(MATERIAL FOR THIS TASK Opens)
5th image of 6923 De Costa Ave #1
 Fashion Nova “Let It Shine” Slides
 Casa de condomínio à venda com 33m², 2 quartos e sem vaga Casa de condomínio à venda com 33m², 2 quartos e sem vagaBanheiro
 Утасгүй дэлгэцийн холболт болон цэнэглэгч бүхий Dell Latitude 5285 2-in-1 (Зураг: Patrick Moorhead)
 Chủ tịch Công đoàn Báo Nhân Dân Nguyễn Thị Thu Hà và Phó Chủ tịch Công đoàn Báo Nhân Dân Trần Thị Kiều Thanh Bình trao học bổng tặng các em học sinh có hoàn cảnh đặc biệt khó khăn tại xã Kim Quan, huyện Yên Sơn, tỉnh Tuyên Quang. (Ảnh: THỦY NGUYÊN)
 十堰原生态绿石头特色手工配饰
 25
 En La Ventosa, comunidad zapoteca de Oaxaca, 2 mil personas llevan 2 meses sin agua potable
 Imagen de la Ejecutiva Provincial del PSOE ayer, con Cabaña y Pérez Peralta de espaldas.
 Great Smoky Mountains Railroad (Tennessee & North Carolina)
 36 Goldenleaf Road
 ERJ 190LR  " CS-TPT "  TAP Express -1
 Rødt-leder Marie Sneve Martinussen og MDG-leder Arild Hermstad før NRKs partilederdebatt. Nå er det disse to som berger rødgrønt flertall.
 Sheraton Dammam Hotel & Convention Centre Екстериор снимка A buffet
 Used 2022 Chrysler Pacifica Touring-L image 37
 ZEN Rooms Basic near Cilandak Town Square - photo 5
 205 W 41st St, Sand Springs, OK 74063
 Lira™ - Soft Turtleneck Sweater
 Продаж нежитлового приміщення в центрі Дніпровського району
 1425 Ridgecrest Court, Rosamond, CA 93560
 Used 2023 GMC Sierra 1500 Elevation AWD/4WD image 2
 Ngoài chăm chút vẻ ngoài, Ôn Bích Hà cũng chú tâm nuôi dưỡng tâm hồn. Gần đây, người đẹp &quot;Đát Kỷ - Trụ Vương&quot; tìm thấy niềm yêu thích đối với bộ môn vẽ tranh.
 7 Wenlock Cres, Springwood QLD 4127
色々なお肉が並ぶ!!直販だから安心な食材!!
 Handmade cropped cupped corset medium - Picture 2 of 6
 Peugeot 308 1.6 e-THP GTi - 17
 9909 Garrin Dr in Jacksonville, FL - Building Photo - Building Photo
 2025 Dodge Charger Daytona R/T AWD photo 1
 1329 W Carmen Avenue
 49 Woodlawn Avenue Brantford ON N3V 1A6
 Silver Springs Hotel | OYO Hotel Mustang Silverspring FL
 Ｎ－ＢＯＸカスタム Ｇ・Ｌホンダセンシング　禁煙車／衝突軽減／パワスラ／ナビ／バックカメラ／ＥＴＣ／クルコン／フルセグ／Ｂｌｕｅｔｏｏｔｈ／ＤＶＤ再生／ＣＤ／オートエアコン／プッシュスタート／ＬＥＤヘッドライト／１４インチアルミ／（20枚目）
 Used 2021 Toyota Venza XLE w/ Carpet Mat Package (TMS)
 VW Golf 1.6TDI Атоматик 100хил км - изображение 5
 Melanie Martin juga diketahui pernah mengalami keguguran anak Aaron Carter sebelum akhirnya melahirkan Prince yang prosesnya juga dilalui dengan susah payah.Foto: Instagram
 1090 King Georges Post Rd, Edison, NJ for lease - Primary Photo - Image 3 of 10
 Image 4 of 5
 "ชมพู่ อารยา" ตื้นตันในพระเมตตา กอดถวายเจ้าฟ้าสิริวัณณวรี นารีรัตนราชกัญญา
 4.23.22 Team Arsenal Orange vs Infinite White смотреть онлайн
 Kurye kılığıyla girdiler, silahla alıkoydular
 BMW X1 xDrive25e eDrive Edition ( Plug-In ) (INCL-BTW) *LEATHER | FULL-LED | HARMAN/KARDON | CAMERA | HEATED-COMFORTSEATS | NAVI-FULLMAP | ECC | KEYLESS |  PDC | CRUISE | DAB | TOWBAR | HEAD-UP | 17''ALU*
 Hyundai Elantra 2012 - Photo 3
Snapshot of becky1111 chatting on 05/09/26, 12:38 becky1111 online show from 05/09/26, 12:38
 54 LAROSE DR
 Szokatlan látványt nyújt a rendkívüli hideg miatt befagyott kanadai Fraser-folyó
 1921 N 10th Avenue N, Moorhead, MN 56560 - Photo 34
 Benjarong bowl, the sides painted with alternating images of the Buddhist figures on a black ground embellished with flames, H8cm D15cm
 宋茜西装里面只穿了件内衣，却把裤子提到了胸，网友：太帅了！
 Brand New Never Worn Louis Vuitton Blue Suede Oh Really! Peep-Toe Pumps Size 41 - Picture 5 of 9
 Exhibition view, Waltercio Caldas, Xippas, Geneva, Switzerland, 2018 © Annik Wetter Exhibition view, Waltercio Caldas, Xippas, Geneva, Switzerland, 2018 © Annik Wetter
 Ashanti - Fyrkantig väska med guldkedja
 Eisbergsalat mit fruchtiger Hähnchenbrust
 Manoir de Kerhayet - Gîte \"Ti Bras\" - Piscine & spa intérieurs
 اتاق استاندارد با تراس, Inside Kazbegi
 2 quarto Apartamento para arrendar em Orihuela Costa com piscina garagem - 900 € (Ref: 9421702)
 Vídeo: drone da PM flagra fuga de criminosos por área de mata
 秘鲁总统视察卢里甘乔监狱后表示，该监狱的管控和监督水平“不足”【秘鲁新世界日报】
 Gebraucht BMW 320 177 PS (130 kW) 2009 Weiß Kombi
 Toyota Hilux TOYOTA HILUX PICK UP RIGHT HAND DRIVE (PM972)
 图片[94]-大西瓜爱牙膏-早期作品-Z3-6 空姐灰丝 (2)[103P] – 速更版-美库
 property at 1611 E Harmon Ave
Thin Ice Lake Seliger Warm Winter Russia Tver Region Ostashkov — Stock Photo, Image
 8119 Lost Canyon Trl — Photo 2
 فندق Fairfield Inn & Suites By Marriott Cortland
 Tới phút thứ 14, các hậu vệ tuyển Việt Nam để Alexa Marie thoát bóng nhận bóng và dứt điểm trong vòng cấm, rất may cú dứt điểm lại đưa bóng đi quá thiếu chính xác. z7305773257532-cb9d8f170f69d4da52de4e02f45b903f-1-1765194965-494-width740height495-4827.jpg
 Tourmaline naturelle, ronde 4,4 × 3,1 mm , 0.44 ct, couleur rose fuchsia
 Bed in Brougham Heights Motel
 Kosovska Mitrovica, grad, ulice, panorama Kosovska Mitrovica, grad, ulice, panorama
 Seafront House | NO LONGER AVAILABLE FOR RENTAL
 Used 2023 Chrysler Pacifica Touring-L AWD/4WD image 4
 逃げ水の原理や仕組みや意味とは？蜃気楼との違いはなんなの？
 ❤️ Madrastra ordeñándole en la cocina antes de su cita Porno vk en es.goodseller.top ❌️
(MATERIAL FOR THIS TASK Closes)
TASK STATEMENT: Once you find the line with "36 Goldenleaf Road" in the entries above, output it and each line after it up to and including the line with "Used 2022 Chrysler", and nothing else.

TASK RESULT:
 36 Goldenleaf Road
 ERJ 190LR  " CS-TPT "  TAP Express -1
 Rødt-leder Marie Sneve Martinussen og MDG-leder Arild Hermstad før NRKs partilederdebatt. Nå er det disse to som berger rødgrønt flertall.
 Sheraton Dammam Hotel & Convention Centre Екстериор снимка A buffet
 Used 2022 Chrysler Pacifica Touring-L image 37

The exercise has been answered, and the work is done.